Who has the authority to make decisions on consolidation of enterprises with 100% charter capital held by the State?
The authority to make decisions on consolidation of enterprises is specified in Article 15 of Decree 23/2022/ND-CP as follows:
Authority to make decisions on consolidation, merger, division, and separation of enterprises
1. In the case of consolidation, merger, division, or separation of an enterprise decided to be established or assigned to manage by the same individual or agency (hereinafter referred to as the agency or individual deciding on the establishment), the agency or individual that decided to establish the enterprise shall issue a decision to consolidate, merge, divide, or separate the enterprise.
2. In case of merger of enterprises decided to establish by different individuals or agencies, the individual or agency deciding to establish the merged company shall issue the merger decision on the basis of the written agreement of the agency or individual deciding to establish the merged company. In cases where the company receiving the merger or being merged is an enterprise established by the Prime Minister’s decision, the Prime Minister shall issue a merger decision.
3. In case of consolidation of enterprises decided to be established by different individuals or agencies, the agency assigned by the Prime Minister to exercise the rights and obligations of the representative of the owner of the consolidated company shall make the decision to consolidate. In case of consolidation of an enterprise established by the Prime Minister’s decision, the Prime Minister shall issue a decision to consolidate.
Thus, the authority to make decisions on consolidation of enterprises with 100% charter capital held by the State is specifically stipulated in each of the following cases:
(1) In case of consolidation of an enterprise decided to be established or assigned to manage by the same individual or agency, the agency or individual that decided to establish the enterprise shall issue a decision to consolidate the enterprise.

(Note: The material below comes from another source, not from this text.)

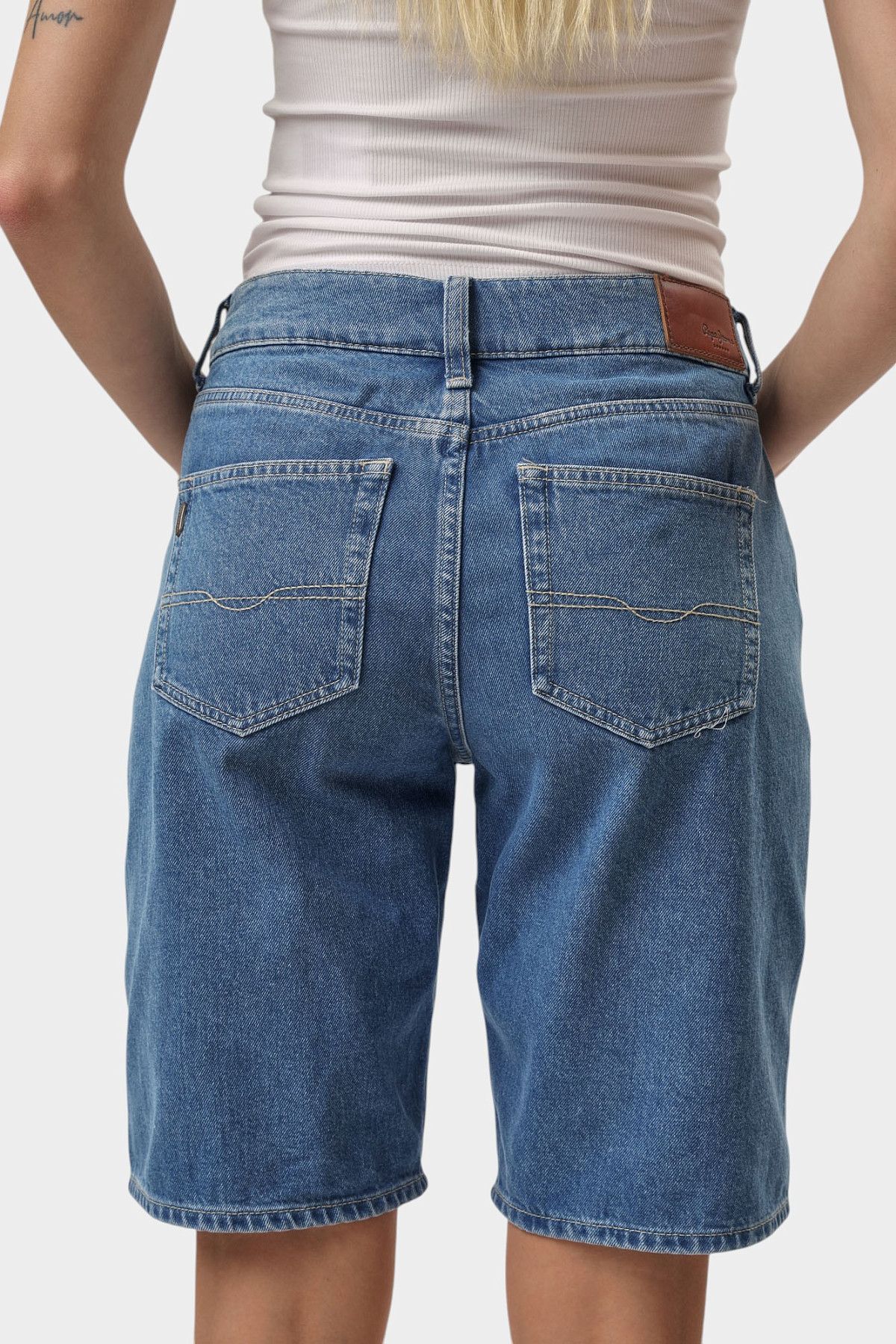 Шорты джинсовые Pepe Jeans
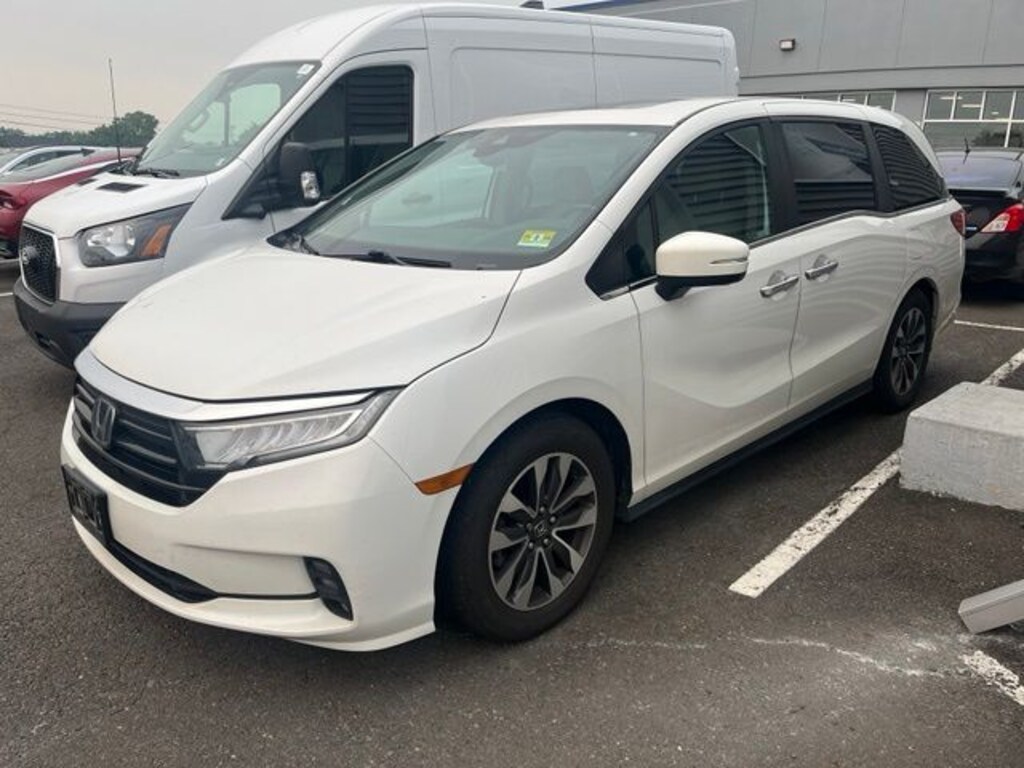 Used 2021 Honda Odyssey EX-L Van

(2) In case of consolidation of enterprises decided to be established by different individuals or agencies, the agency assigned by the Prime Minister to exercise the rights and obligations of the representative of the owner of the consolidated company shall make the decision to consolidate.
(3) In case of consolidation of enterprises established by decision of the Prime Minister, the Prime Minister shall issue a decision on consolidation.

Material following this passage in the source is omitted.